Transplantation: Impact of donor CMV status on viral infection and reconstitution of multifunction CMV-specific T cells in CMV-positive transplant recipients

摘要

Reconstitution of cytomegalovirus (CMV)–specific CD8⁺ T cells is essential to the control of CMV infection in CMV-positive recipients (R⁺) after allogeneic hematopoietic stem cell transplantation (HCT).

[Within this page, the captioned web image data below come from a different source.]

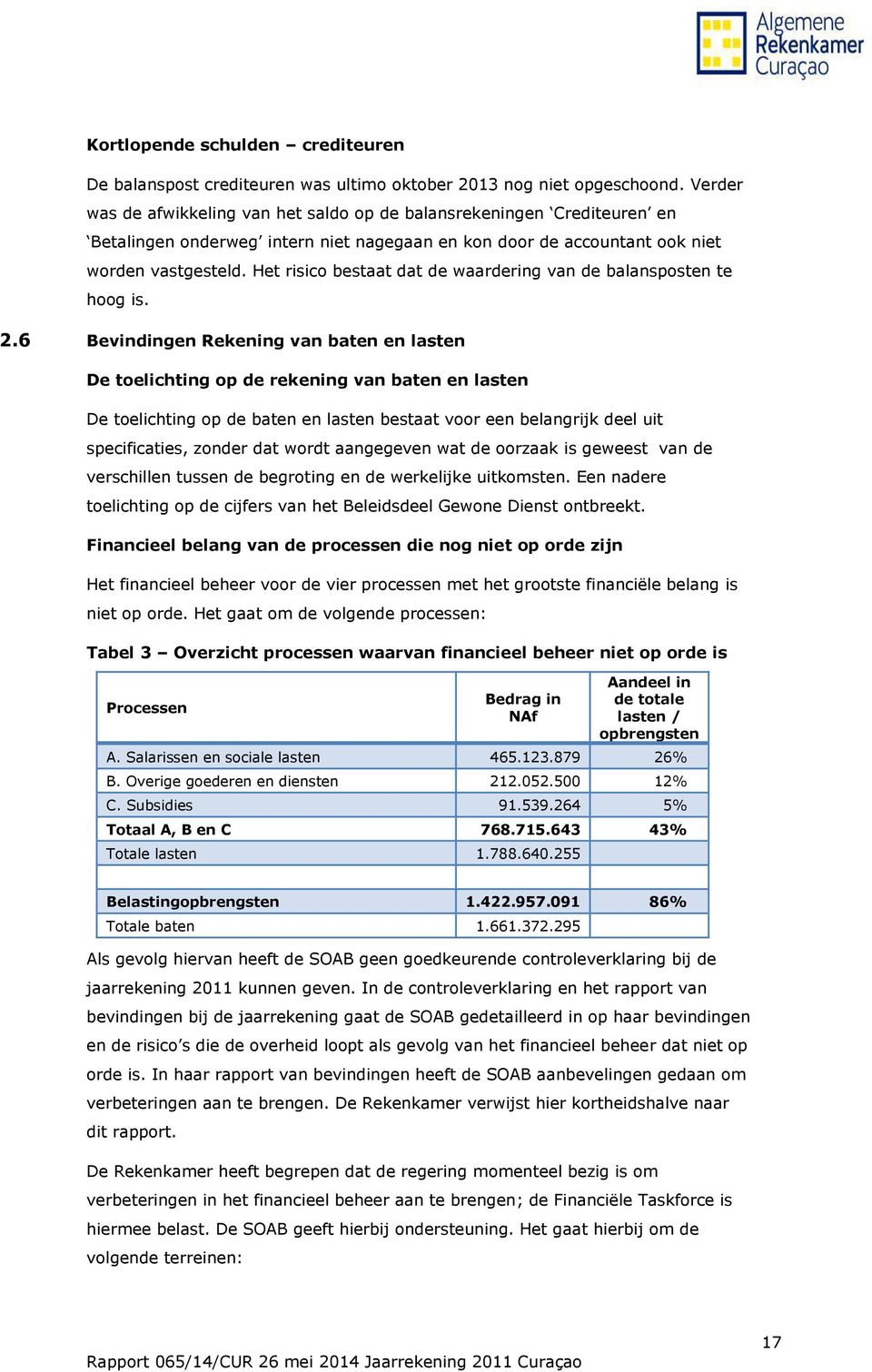 Het risico bestaat dat de waardering van de balansposten te hoog is. 2.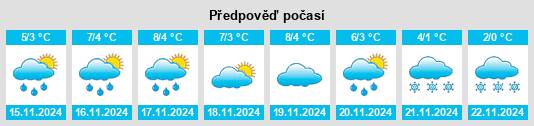 Výhled počasí pro místo Czerwińsk Nad Wisłą na Slunečno.cz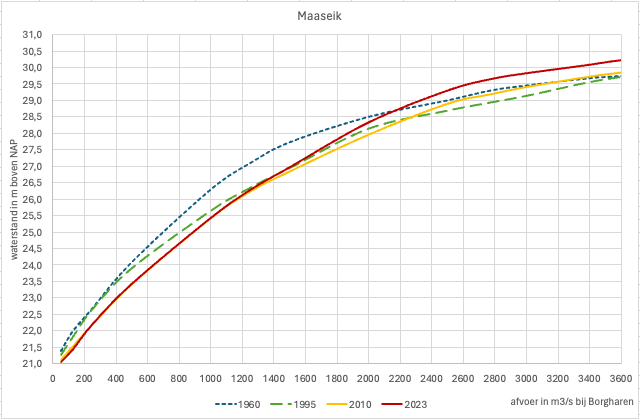 Verloop van de waterstand bij Maaseik (vertikale as) in relatie tot de rivierafvoer (horizontale as) gedurende 4 perioden (1960, 1995, 2010 en 2023). Verloop van de waterstand bij Maaseik (vertikale as) in relatie tot de rivierafvoer (horizontale as) gedurende 4 perioden (1960, 1995, 2010 en 2023).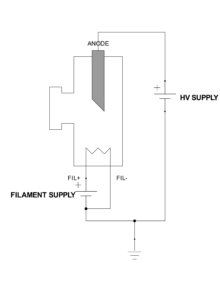 Grounded Cathode X-ray Topology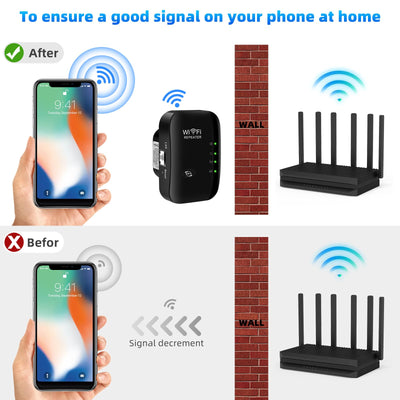 WLAN Repeater mit 300 Mbps - WLAN Verstärker WiFi Extender Booster 2,4GHz WiFi Extender mit Repeater/AP Modus und WPS-Funktion Internet Verstärker bis zu 3000qm und 30 Geräte (schwarz)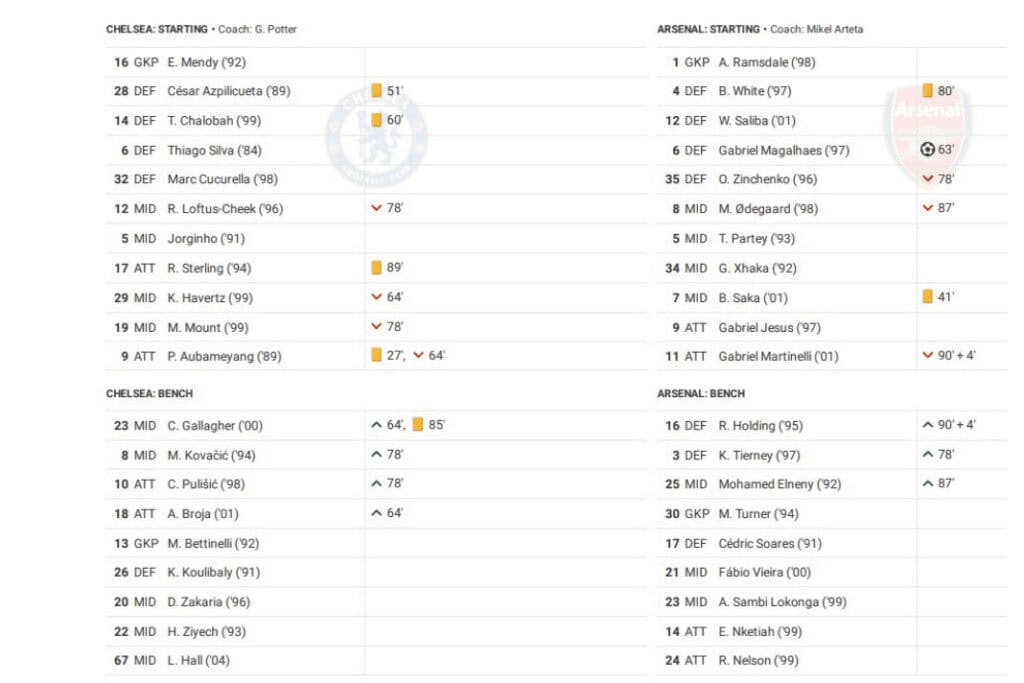 Premier League 2022/23: Chelsea vs Arsenal - data viz, stats and insights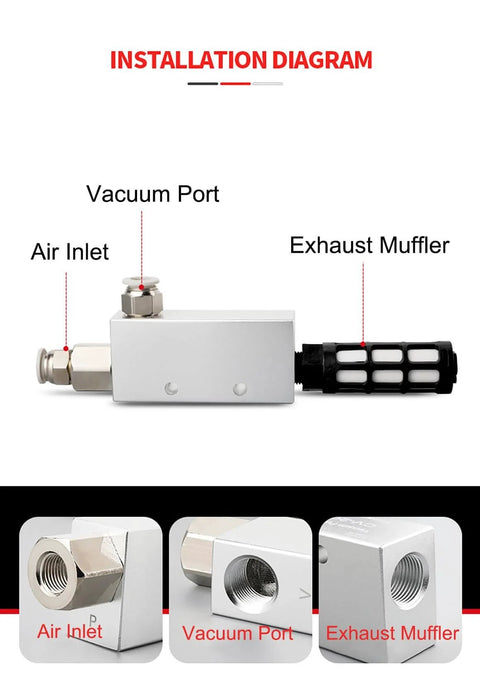 Installation diagram of Vacuum Generator With G One Quarter Inch Female Thread Aluminum Alloy Body Durable Pneumatic Air Exhaust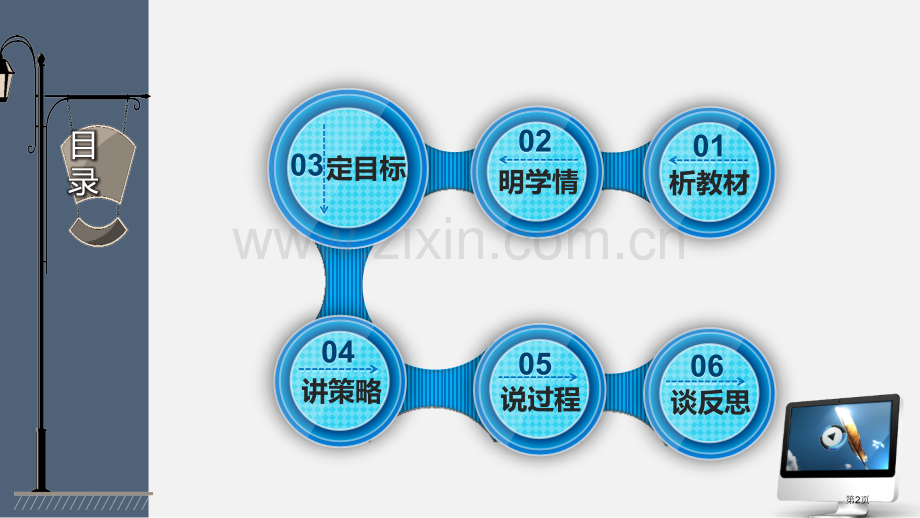 说课教学模板省公共课一等奖全国赛课获奖课件.pptx_第2页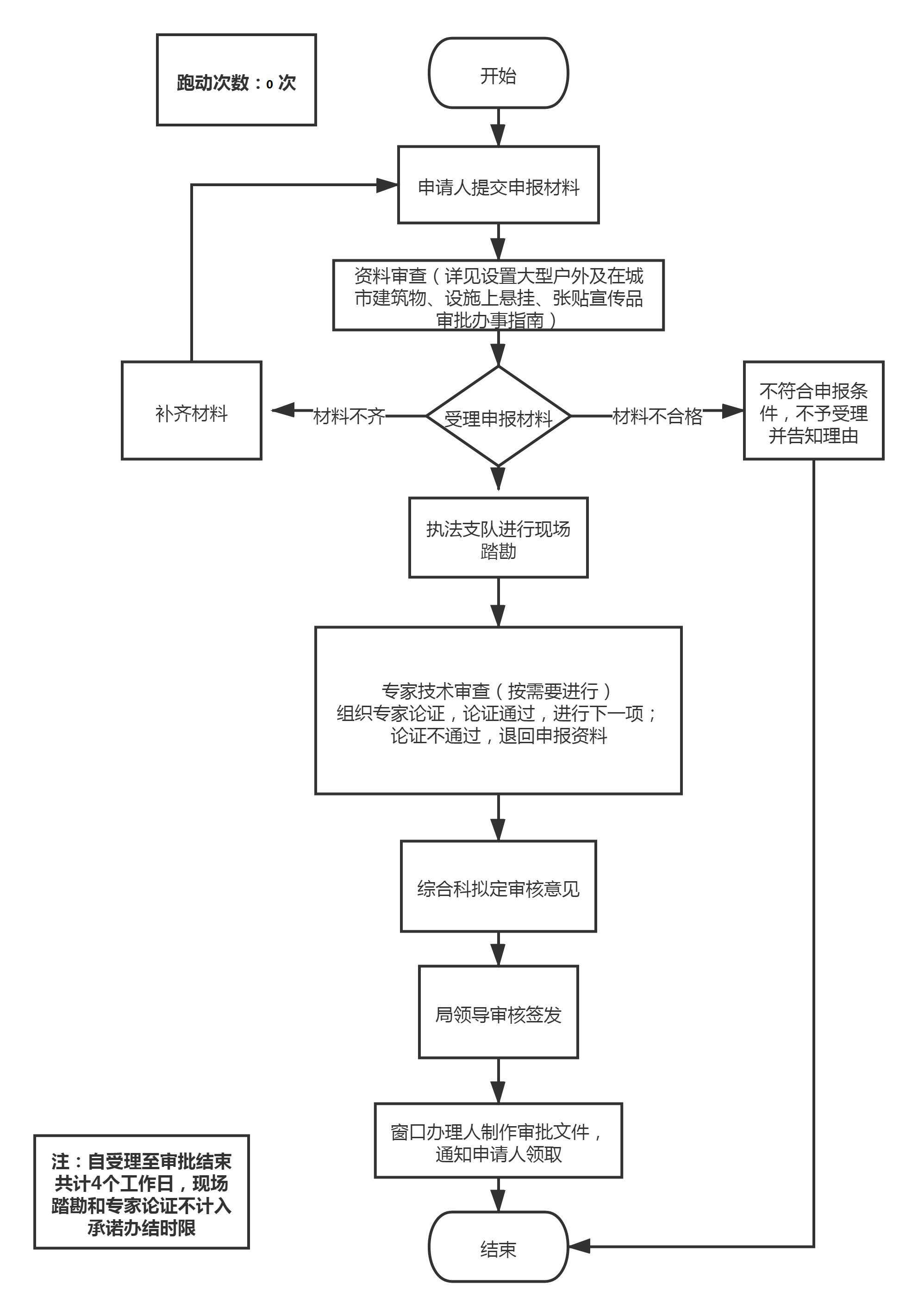 加载失败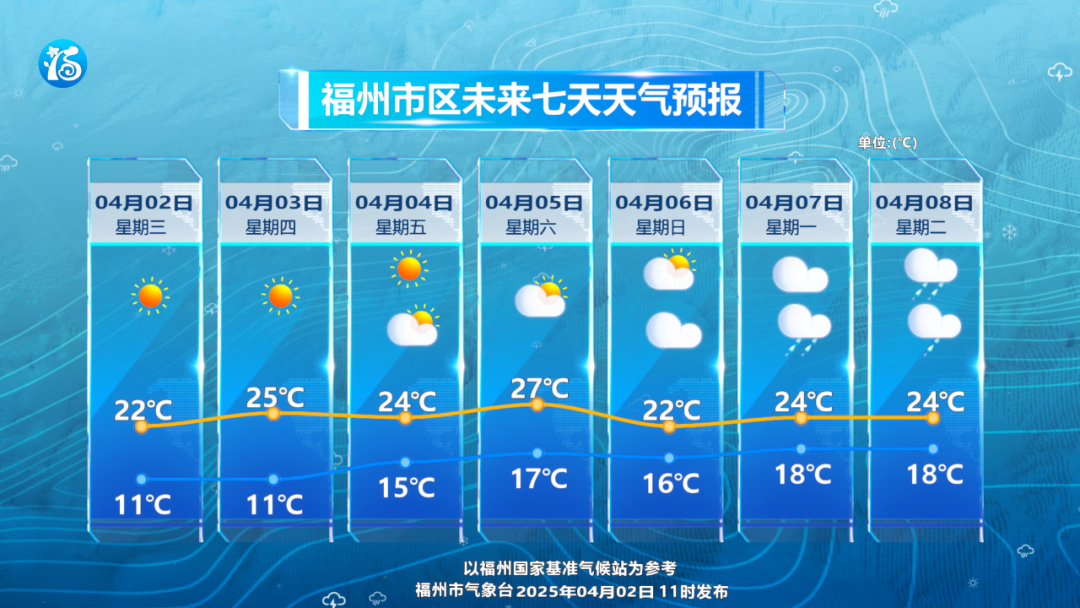 福州清明假期天气晴好 气温明显升高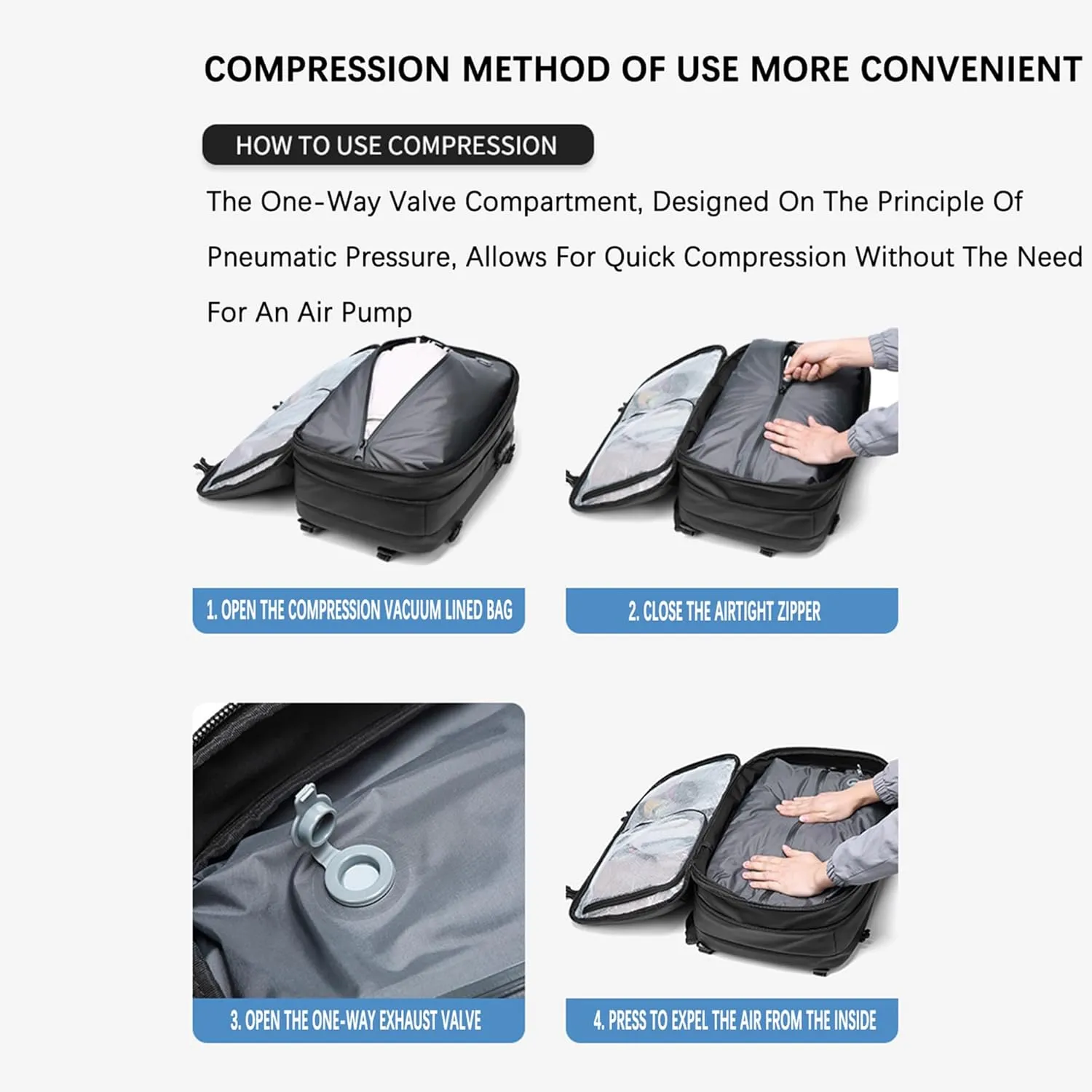 VacPack Backpack with Vacuum, 60L Airback Backpack, Waterproof with TSA Lock, Compression Feature, Fits 17” Laptop, Ideal for Airplane Travel (Dark Gray)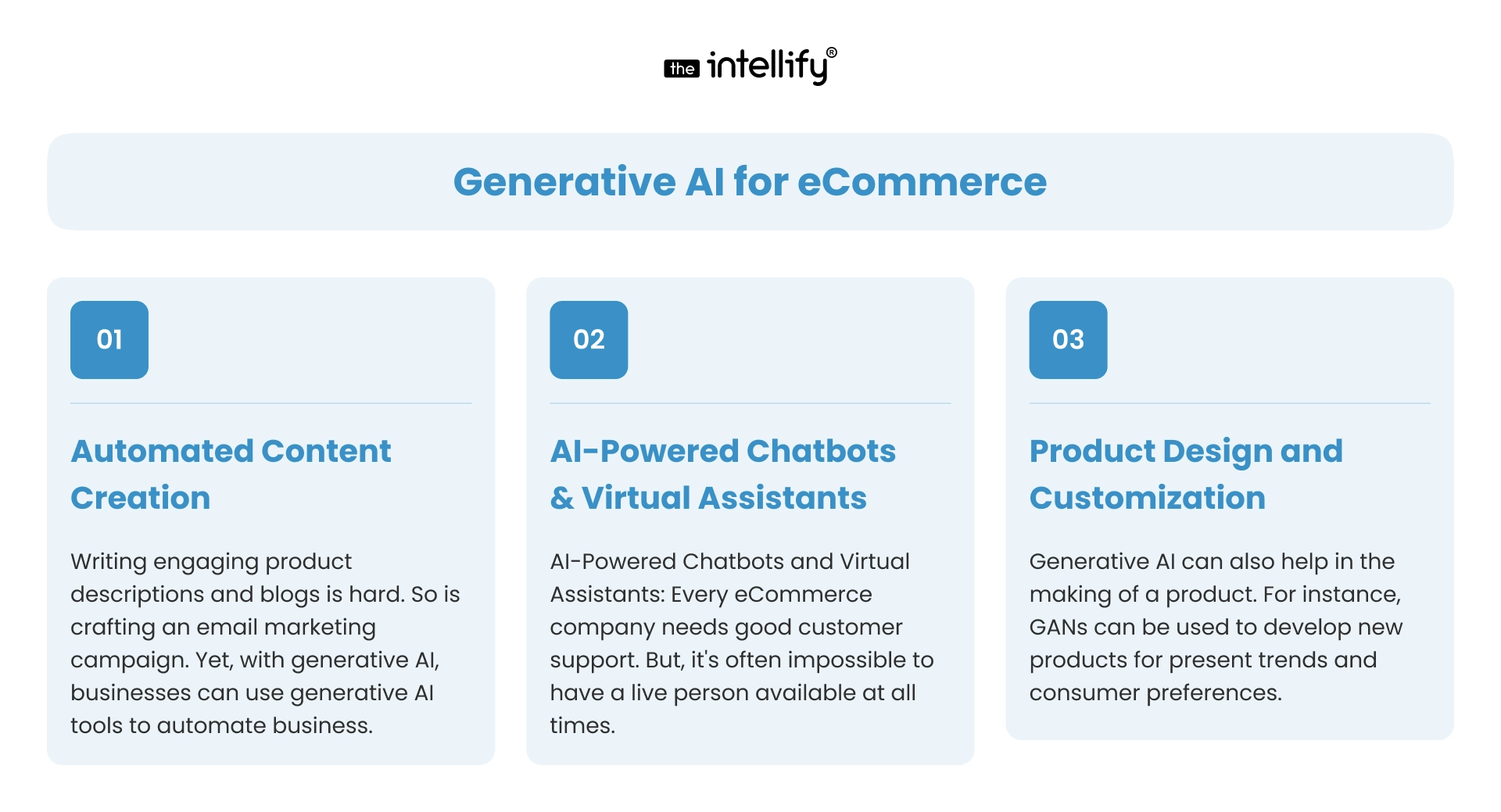 Generative AI for eCommerce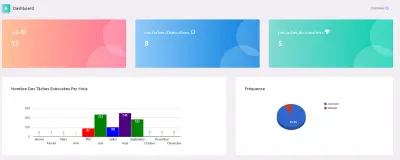 منصة Scheduler لإدارة ومراقبة تشغيل الباتشات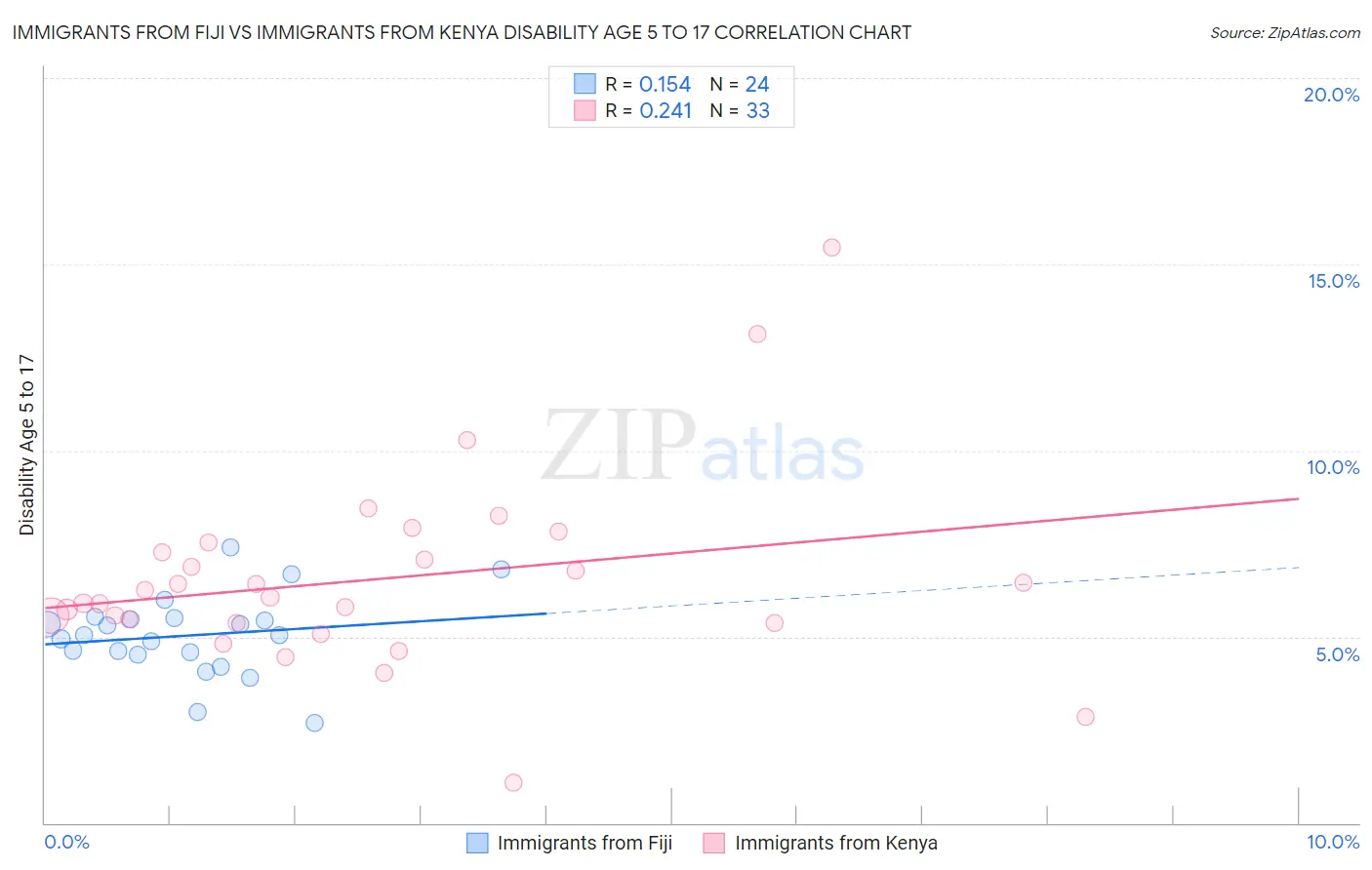 Immigrants from Fiji vs Immigrants from Kenya Disability Age 5 to 17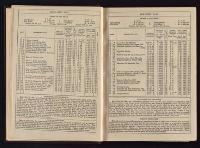 Thumbnail Image of Southern Provinces Almanac, 1866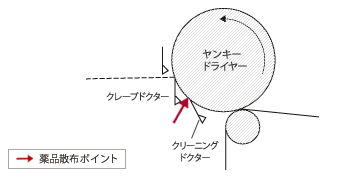 Kp@}
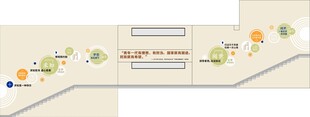 走廊文化墙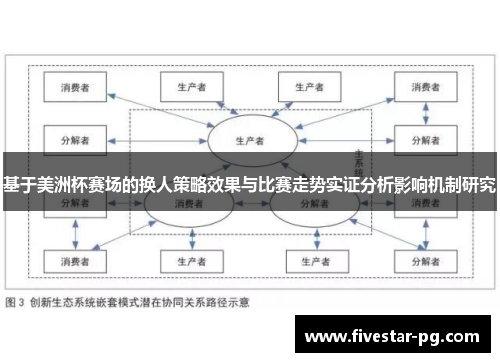 基于美洲杯赛场的换人策略效果与比赛走势实证分析影响机制研究 基于美洲杯赛场的换人策略效果与比赛走势实证分析影响机制研究
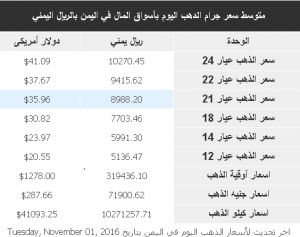 %d8%b0%d9%87%d8%a8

Six-color flow cytometry was used to assess the functional profile of CMV-specific CD8⁺ T cells in 62 of 178 R⁺ HCT recipients followed virologically for CMV reactivation. R⁺ recipients receiving grafts from CMV-negative donors (D⁻; D⁻/R⁺) reconstituted fewer multifunctional CD8⁺ T cells expressing tumor necrosis factor-α (TNF-α), macrophage inflammatory protein-1β (MIP-1β), and CD107 in addition to interferon-γ (IFN-γ), compared with D⁺/R⁺ recipients. Unlike monofunctional CD8⁺ T cells secreting IFN-γ, which were abundantly generated during CMV reactivation in D⁻/R⁺ recipients, the relative lack of multifunctional CD8⁺ T cells persisted until at least 1 year post-HCT. D⁻/R⁺ recipients were more likely to require recurrent and prolonged use of antivirals. These findings were robust to statistical adjustment for pretransplant factors, as well as for posttransplant factors including graft-versus-host disease (GVHD) and its treatment by steroids. These analyses suggest that D⁺/R⁺ transplants, on average, generate higher levels of multifunctional CMV-specific T cells and require less antiviral therapy compared with D⁻/R⁺ HCT recipients. These results highlight the benefit of D⁺ donors in improving outcomes of R⁺ HCT recipients by reducing the duration and recurrent need of antiviral treatment, aided by increased levels of multifunctional CMV-specific T cells.